> PROBLEM: Write out the material below again, line for line, without any images.

-------- DATA SEGMENT

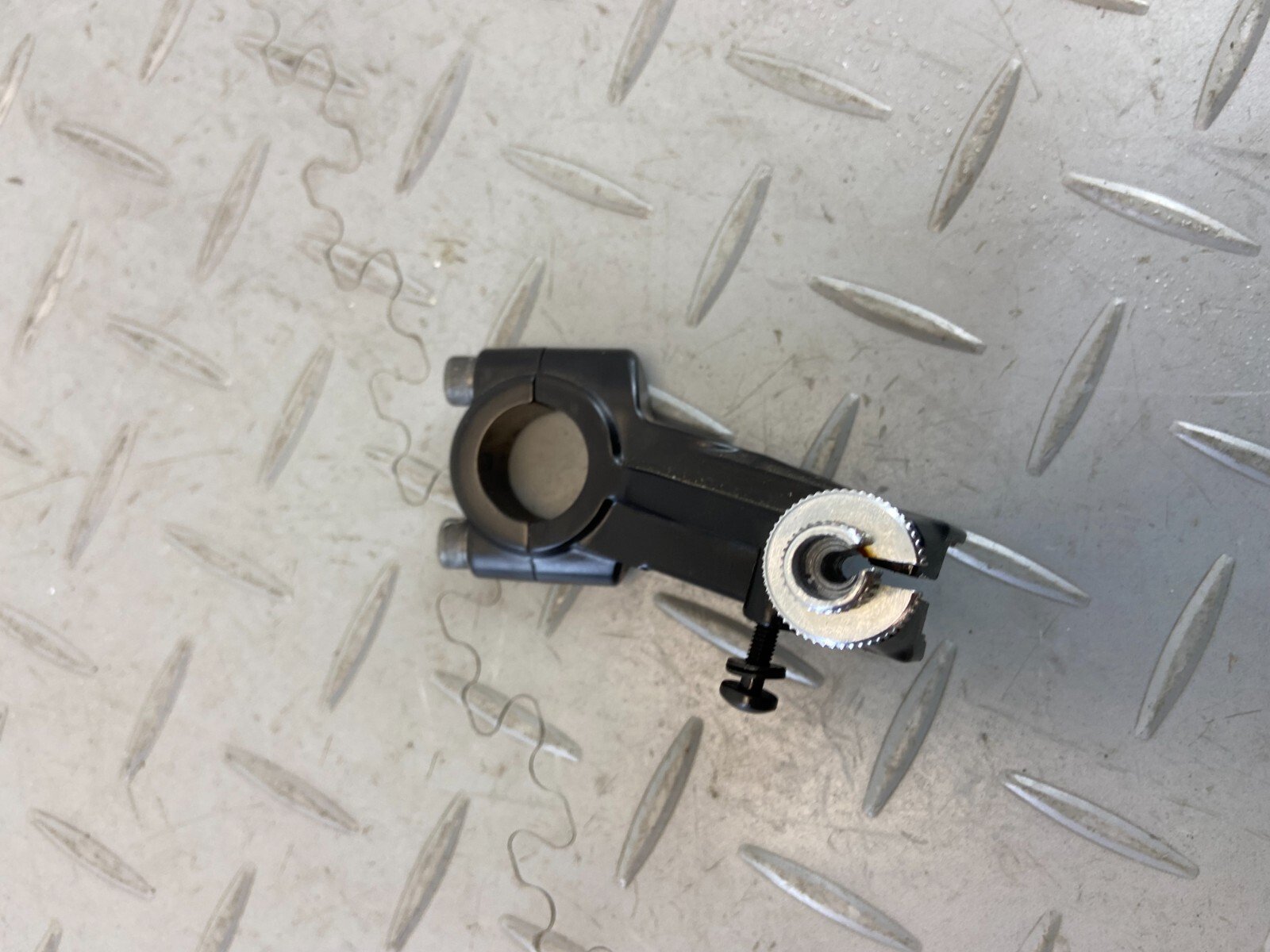 TRIUMPH SPEED TRIPLE 1050 RS 2019 CLUTCH LEVER BRACKET MOUNT - Image 5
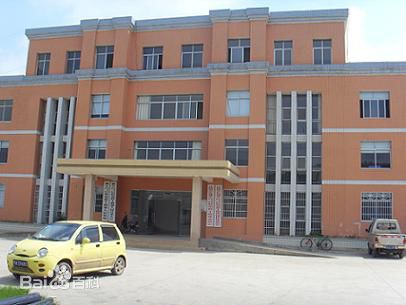  p>丁旗镇居民委员会,共有人口1638人,其中农业人口304人.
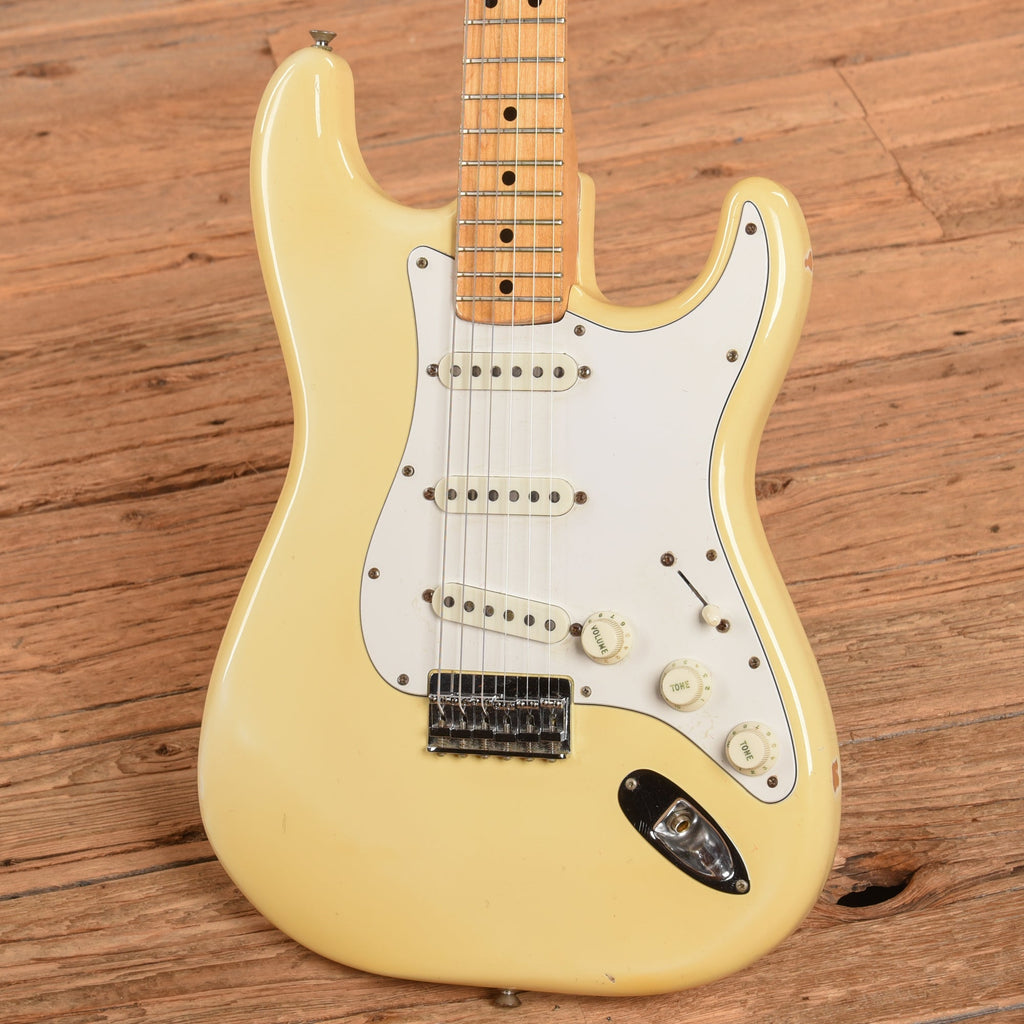 Fender Stratocaster Olympic White 1976 - View 2 | MusicMarket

----------------

> EXPECTED OUTPUT:
 TRIUMPH SPEED TRIPLE 1050 RS 2019 CLUTCH LEVER BRACKET MOUNT - Image 5
  p>丁旗镇居民委员会,共有人口1638人,其中农业人口304人.
 Fender Stratocaster Olympic White 1976 - View 2 | MusicMarket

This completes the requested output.